### PROBLEM TO WORK ON
Repeat exactly the lines of the entries below from the one with "Casa Comercial à" through the one with "Oase By 7 Star Lodges image", both ends included, and nothing else.

### SUPPLIED DATA

====

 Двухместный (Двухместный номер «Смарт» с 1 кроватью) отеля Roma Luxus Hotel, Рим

====

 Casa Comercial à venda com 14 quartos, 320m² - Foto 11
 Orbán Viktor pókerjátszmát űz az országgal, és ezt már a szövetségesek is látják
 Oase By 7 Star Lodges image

====

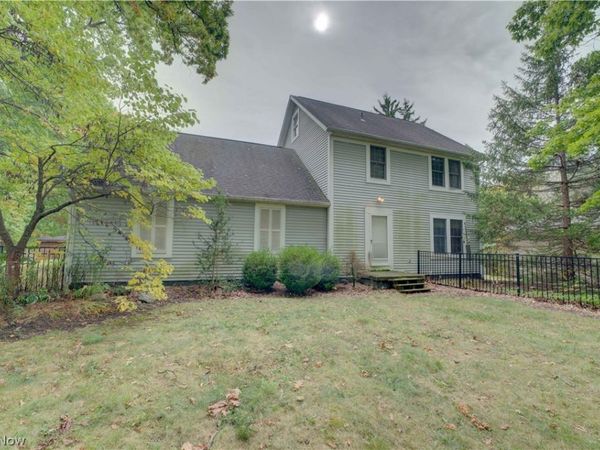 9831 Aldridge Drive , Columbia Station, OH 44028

====

### REPLY
 Casa Comercial à venda com 14 quartos, 320m² - Foto 11
 Orbán Viktor pókerjátszmát űz az országgal, és ezt már a szövetségesek is látják
 Oase By 7 Star Lodges image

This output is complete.